Nesse tipo de regime assistimos a uma “refeudalização” progressiva. O poder transforma em renda o que dependia anteriormente do lucro redistribuído pelo capitalismo, e cria sua própria oligarquia. Falar sobre esses regimes como se falava do nazismo ou do stalinismo é não perceber o que está acontecendo, nem compreender os seus perigos.
Vejam Matteo Salvini, na Itália. É um pequeno “Duce”, mas não vai marchar sobre Roma, nem tomará o poder pela força. Ele fará exatamente como fez Orbán. Chegar ao poder pelo voto majoritário, e lá permanecer, por meio de reeleição após reeleição. Todos esses novos tiranos se escondem atrás do argumento poderoso do voto majoritário, apresentado como uma garantia da natureza democrática de seu regime. Mas não se trata disso! Esses regimes não se parecem em nada com aquilo que chamamos de democracia. Pois, desde a primeira emenda à Constituição dos Estados Unidos, a democracia moderna é sinônimo de democracia liberal.
• Como tantos países puderam cair nessa nova forma de tirania?
Isso aconteceu progressivamente, com a passagem da sociedade de classe para a sociedade de massas. Hannah Arendt havia explicado como as classes sociais foram destruídas na União Soviética. Numa sociedade totalitária, isso ocorre de modo mais rápido; na sociedade tradicional, o processo é mais lento. Mas atualmente, entramos em toda parte na era das sociedades de massa. Esse processo é acompanhado pelo desaparecimento progressivo dos partidos políticos tradicionais, que representavam os interesses das classes.

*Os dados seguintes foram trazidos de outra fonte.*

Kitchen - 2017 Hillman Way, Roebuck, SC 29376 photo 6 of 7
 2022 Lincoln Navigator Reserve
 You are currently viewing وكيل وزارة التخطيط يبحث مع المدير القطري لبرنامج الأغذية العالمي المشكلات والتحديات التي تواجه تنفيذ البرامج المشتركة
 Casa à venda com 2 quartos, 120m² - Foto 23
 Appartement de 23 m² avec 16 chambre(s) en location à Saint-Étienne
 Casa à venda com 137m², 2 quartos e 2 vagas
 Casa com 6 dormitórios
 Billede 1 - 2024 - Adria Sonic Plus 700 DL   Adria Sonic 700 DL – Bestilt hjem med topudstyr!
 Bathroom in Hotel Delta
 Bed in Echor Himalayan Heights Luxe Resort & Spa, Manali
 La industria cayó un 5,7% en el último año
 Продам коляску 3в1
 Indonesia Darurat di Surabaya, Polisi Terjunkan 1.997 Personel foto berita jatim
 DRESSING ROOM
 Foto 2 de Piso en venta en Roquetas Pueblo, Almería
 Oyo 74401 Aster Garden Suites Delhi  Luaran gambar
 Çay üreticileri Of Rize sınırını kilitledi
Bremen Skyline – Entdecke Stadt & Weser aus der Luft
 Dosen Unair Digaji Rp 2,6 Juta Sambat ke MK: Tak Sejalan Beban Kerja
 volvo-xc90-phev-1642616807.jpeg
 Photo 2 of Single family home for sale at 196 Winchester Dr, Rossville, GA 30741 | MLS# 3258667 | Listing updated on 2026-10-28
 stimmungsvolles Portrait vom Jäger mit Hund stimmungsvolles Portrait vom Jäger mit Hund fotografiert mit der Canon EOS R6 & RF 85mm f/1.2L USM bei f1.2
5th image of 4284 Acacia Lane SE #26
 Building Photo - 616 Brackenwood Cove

Esse novo tipo de tirania baseia-se na existência de uma sociedade de massa, contrariamente à ditadura tradicional, que se apoiava nas sociedades de classe. Nas sociedades de classe, o voto servia aos interesses de classe. Caso não representassem esses interesses, os tiranos deveriam tomar o poder pela força. Porém, nas sociedades de massa, a maioria é formada pelas ideologias, e não pelos interesses de classe. A sociedade de massa não determina que o governo seja tirânico. Mas torna mais fácil a eleição dos tiranos. Na Europa do Leste, isso fica ainda mais fácil, pois não existe uma tradição democrática. Na Hungria, de fato, nunca houve realmente uma democracia liberal propriamente dita.
• A senhora quer dizer que aquilo que pensávamos ser uma democracia liberal depois de 1989 na verdade não o era?
Sim. Após 1989, é verdade que tivemos enfim aquilo que se pode chamar de democracia liberal no governo e no parlamento. Nós, os intelectuais, podíamos falar o que quiséssemos. Era genial. Mas nós não entendemos que isso não bastava para atingir uma democracia real. Esta nunca conseguiu se enraizar no seio da população húngara. Os húngaros nunca tinham sido acostumados a tomar em mãos seu próprio destino, exceto em duas breves oportunidades, durante as revoluções de 1848 e de 1956.